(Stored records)
══════════════════════════════

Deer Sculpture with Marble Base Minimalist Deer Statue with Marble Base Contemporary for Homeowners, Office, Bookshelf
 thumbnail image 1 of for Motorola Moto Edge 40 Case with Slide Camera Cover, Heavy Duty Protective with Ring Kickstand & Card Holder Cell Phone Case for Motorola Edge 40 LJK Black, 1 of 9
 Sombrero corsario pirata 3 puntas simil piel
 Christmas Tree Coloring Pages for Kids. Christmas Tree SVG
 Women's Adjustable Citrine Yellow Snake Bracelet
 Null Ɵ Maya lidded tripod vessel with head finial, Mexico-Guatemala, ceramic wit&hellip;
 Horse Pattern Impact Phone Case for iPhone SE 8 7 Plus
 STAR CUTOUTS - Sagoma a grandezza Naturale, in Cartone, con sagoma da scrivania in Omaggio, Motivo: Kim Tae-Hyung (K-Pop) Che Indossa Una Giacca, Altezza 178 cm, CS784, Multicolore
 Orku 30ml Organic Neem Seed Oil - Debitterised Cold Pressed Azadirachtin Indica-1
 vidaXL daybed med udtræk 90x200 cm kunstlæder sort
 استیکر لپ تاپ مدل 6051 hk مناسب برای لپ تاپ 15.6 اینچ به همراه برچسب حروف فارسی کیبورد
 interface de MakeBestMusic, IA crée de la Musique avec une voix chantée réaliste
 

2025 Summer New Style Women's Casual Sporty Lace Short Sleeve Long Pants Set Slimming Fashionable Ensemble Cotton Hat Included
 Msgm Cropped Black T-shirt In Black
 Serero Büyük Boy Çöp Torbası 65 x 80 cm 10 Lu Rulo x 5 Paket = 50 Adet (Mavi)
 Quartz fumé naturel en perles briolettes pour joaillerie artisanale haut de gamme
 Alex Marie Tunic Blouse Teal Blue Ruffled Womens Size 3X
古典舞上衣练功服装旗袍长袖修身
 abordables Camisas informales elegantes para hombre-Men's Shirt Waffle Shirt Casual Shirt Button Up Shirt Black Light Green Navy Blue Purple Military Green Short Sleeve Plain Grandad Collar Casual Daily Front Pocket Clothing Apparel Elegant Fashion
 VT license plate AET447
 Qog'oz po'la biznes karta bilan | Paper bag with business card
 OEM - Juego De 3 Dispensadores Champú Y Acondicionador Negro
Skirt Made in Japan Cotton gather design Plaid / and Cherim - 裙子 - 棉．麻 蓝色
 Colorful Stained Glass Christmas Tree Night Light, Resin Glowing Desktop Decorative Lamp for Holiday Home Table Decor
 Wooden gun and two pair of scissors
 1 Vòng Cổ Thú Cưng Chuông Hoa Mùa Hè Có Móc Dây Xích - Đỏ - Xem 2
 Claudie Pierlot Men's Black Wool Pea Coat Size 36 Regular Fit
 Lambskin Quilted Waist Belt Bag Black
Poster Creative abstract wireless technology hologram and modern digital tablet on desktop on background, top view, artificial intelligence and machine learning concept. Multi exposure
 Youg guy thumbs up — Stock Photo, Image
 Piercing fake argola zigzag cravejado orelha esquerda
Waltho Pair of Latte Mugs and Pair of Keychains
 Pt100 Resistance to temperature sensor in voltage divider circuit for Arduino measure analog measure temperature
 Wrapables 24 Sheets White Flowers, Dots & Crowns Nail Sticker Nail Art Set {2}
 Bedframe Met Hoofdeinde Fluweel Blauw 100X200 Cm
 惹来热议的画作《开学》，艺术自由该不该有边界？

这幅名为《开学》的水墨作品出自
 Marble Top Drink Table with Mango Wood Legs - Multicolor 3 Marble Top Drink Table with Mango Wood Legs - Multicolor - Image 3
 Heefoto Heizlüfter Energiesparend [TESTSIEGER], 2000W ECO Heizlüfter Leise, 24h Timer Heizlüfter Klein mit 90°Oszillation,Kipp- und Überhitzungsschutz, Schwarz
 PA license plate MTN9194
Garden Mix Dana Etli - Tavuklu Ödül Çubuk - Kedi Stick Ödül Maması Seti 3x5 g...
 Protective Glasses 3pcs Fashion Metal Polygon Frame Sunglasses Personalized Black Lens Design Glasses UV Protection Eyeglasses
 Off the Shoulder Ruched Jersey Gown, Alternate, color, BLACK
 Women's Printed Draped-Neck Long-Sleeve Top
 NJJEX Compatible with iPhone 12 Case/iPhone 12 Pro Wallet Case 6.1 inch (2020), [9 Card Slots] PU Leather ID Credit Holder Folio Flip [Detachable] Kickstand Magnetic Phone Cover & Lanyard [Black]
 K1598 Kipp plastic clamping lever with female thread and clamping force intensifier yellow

══════════════════════════════

DESCRIPTION OF THE TASK:
Where the word "Cotton" shows up in a line of the entries above, copy that line.

TASK RESPONSE:
2025 Summer New Style Women's Casual Sporty Lace Short Sleeve Long Pants Set Slimming Fashionable Ensemble Cotton Hat Included
Skirt Made in Japan Cotton gather design Plaid / and Cherim - 裙子 - 棉．麻 蓝色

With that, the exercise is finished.